Where Data Science Meets Shrek: How BuzzFeed uses AI
2025/01/21Leveraging AI for Creative Content at BuzzFeed
BuzzFeed's data team, led by Gilad, has integrated large language models and generative AI capabilities into their products and toolkits to enhance creative processes rather than replace human workers. The team focuses on using AI advances to build tools and create experiences that wouldn't be possible otherwise, enabling readers to participate more deeply in media experiences.
Text Understanding Through Embeddings
The Challenge of Content Classification
Understanding what content is truly about goes beyond simple named entity recognition. BuzzFeed publishes diverse content that often defies traditional categorization - like an article about an Indiana woman who brought her pet raccoon to a fire station fearing it had overdosed on marijuana.
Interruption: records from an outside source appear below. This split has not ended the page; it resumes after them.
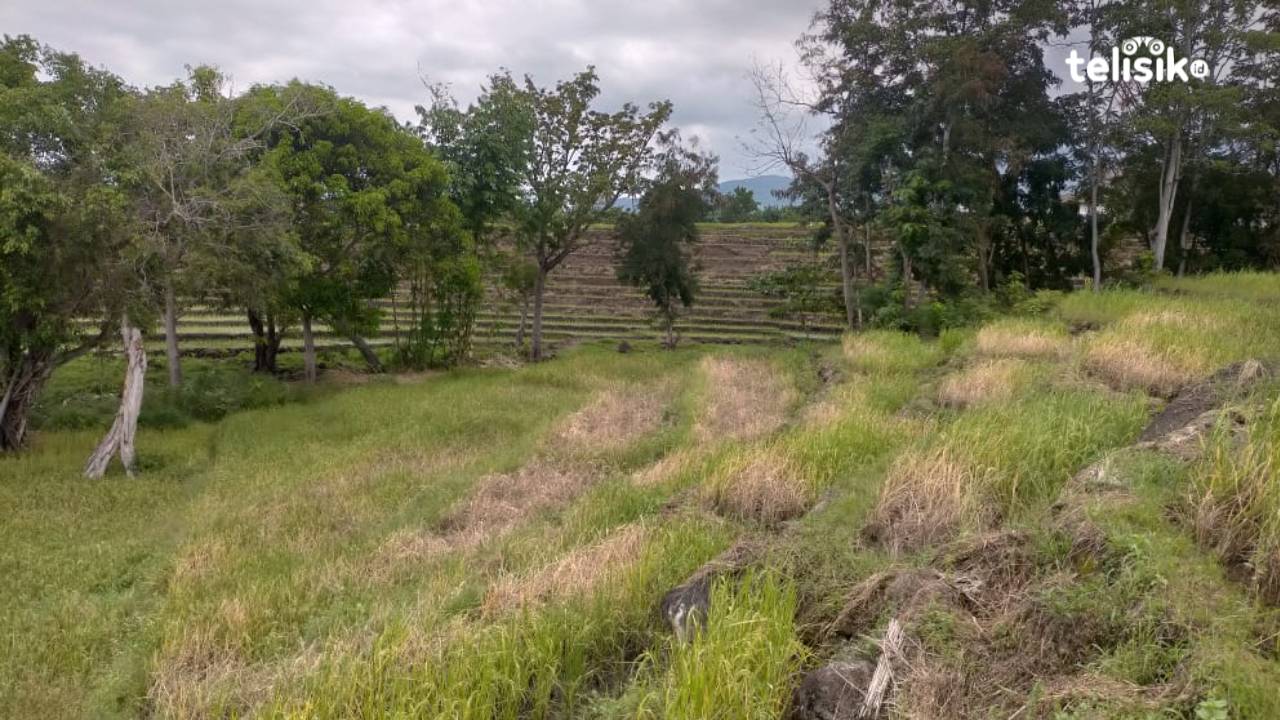 Petani di Manggarai Gagal Panen akibat Hama Wereng, PPL Belum Punya Terobosan Baru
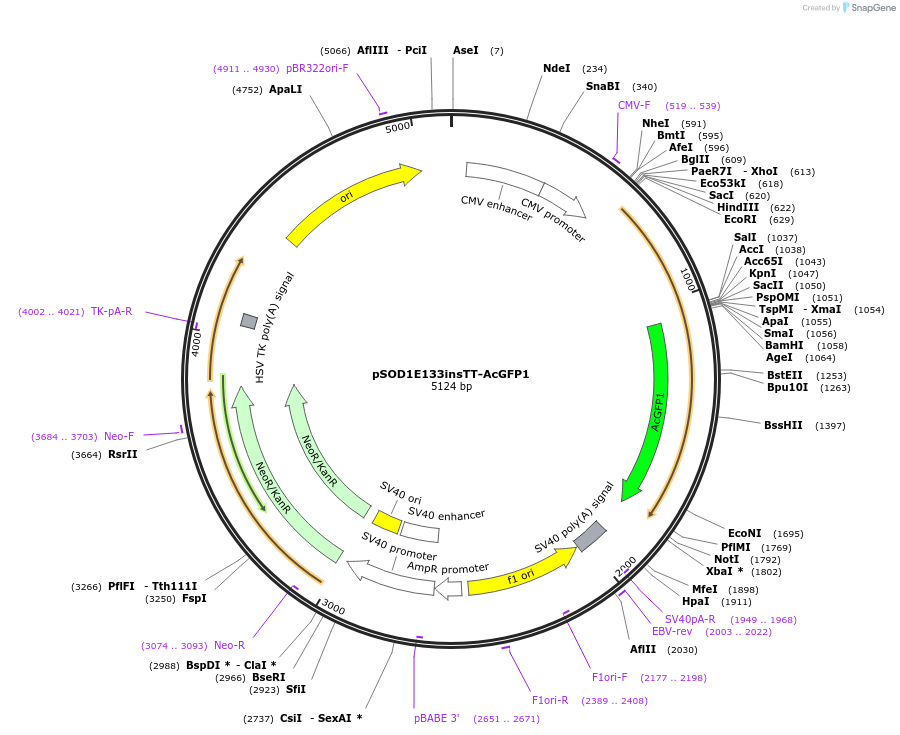 83441-plasmid-map-sequence-id-159050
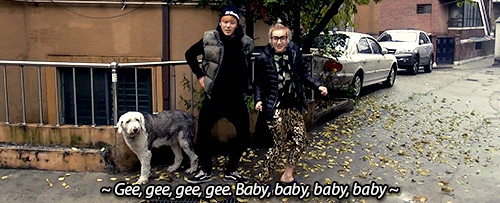 giphy.gif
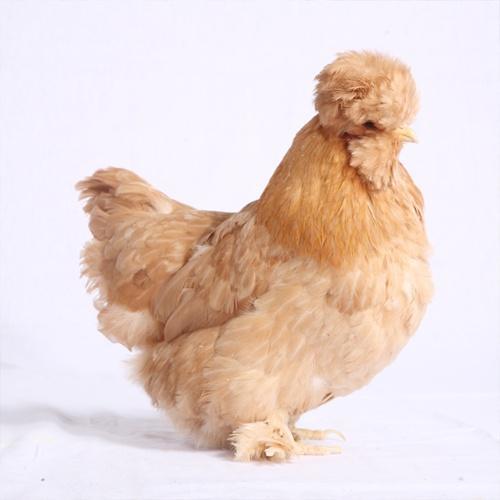 北京油鸡+油鸡童子鸡周期配送 商品图3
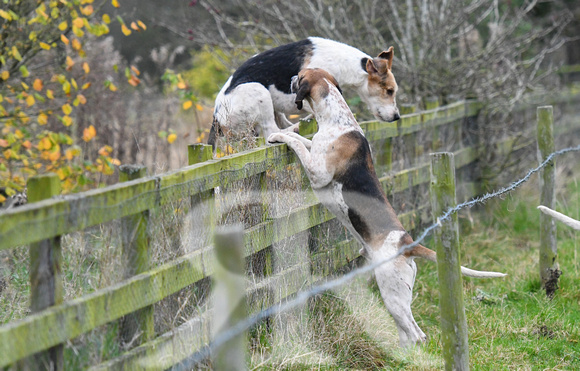 Fernie at Thornhill Farm 2024 023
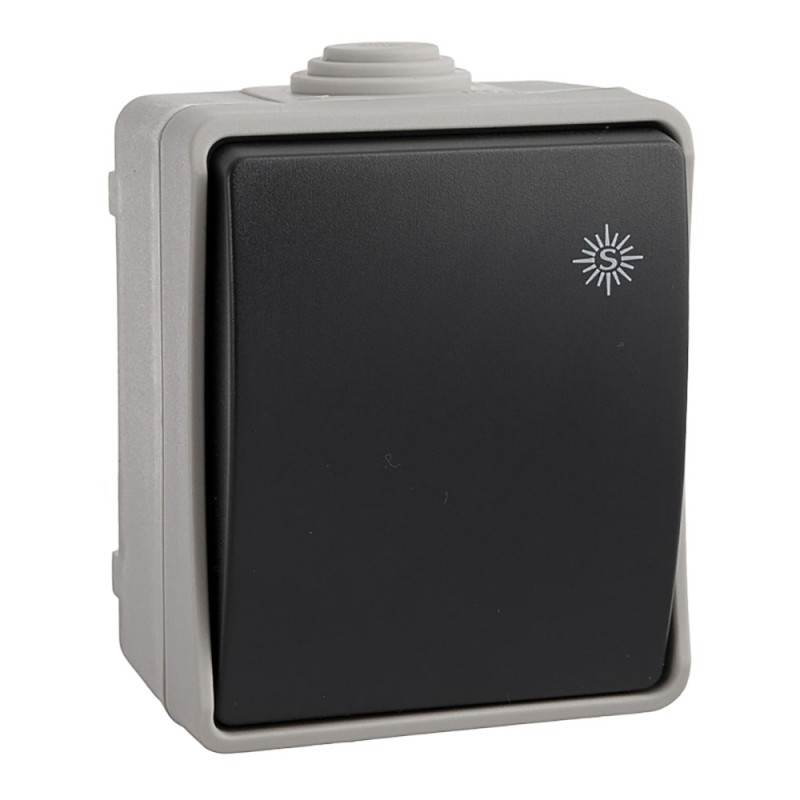 Interruptor estanco ip44 16 a 250 v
These unique stories require sophisticated understanding beyond standard topic taxonomies.
From Universal Sentence Encoders to Modern Embeddings
BuzzFeed transitioned from using Google's Universal Sentence Encoders and DistilBERT (which maintained 97% of BERT's performance while being 60% smaller) to modern embedding approaches. They now use Nomic embeddings with 124 million parameters to create dense vector representations of their content.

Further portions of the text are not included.